Dataset excerpt ->
■ ■ ■

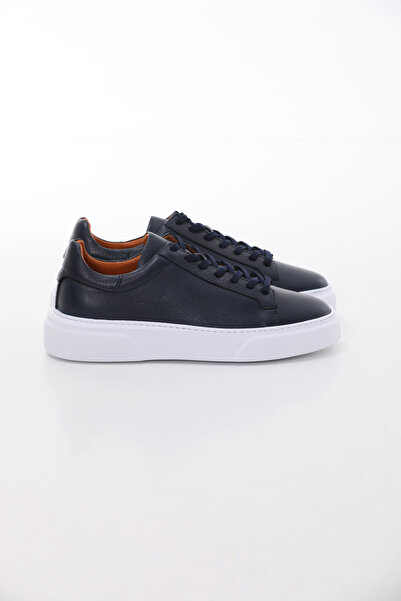 Faruk balkanas Men's Leather Sneakers Casual Shoes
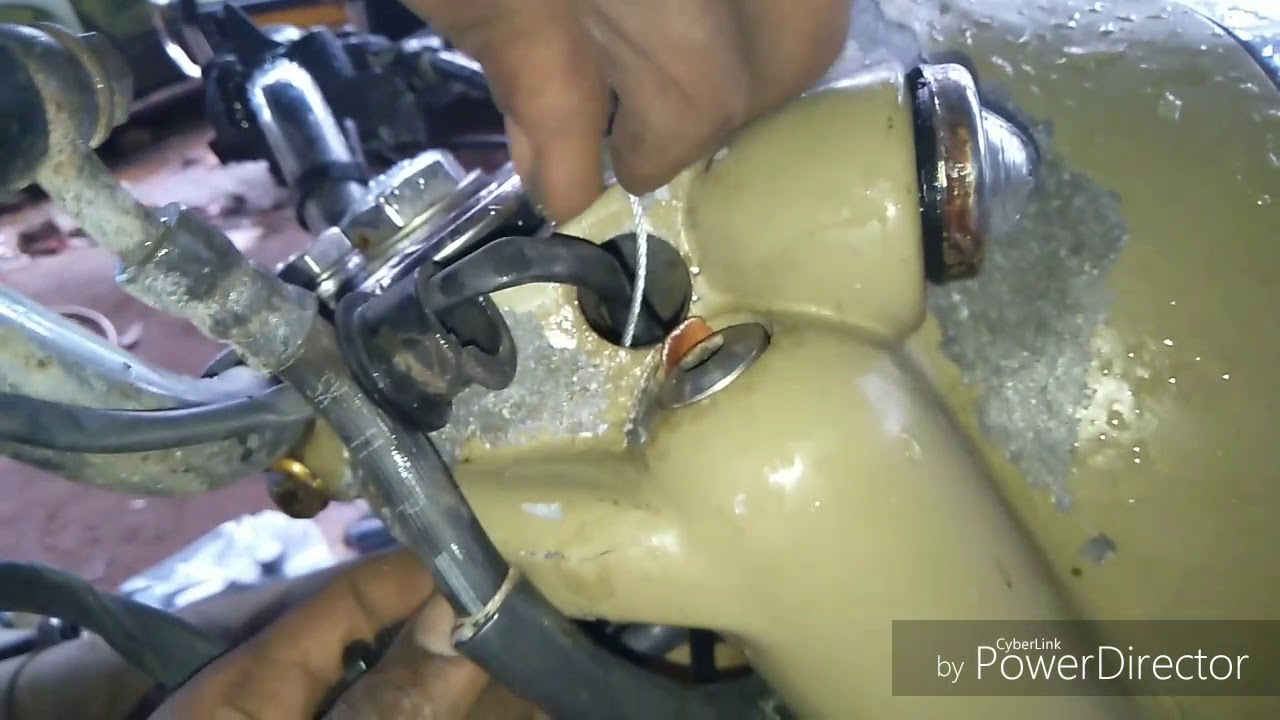Royal Enfield classic 500cc throttle cable replace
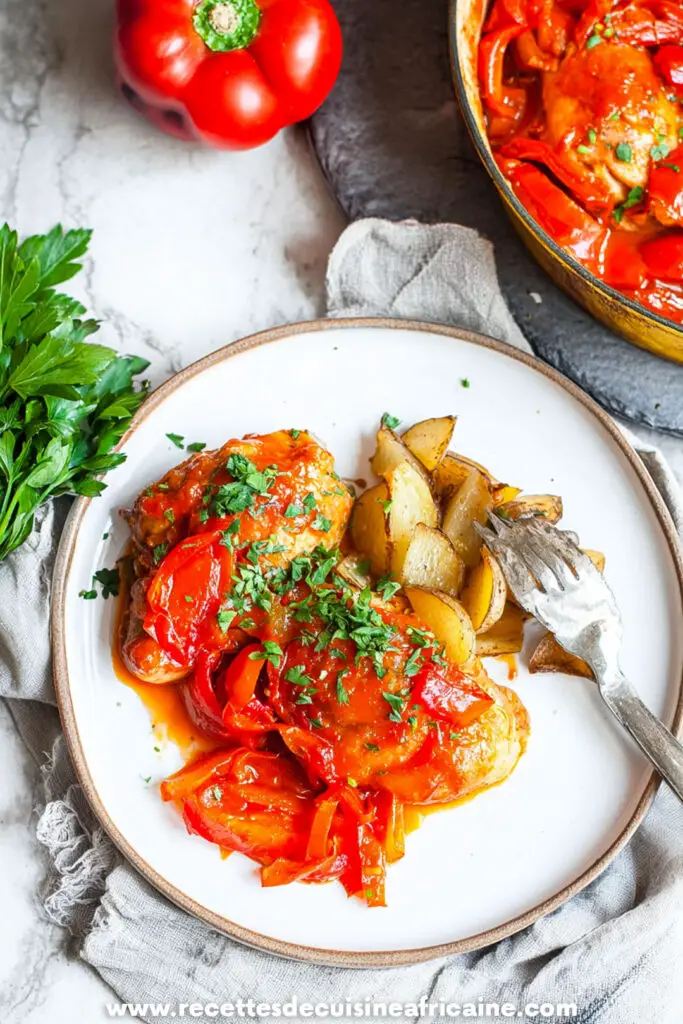 Poulet Basquaise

■ ■ ■

What you are asked to do ->
Nothing but the lines from the one containing "Royal Enfield classic" through the end of the listing should be written out, each exactly, and pictures must be left out.

Exercise solution ->
Royal Enfield classic 500cc throttle cable replace
 Poulet Basquaise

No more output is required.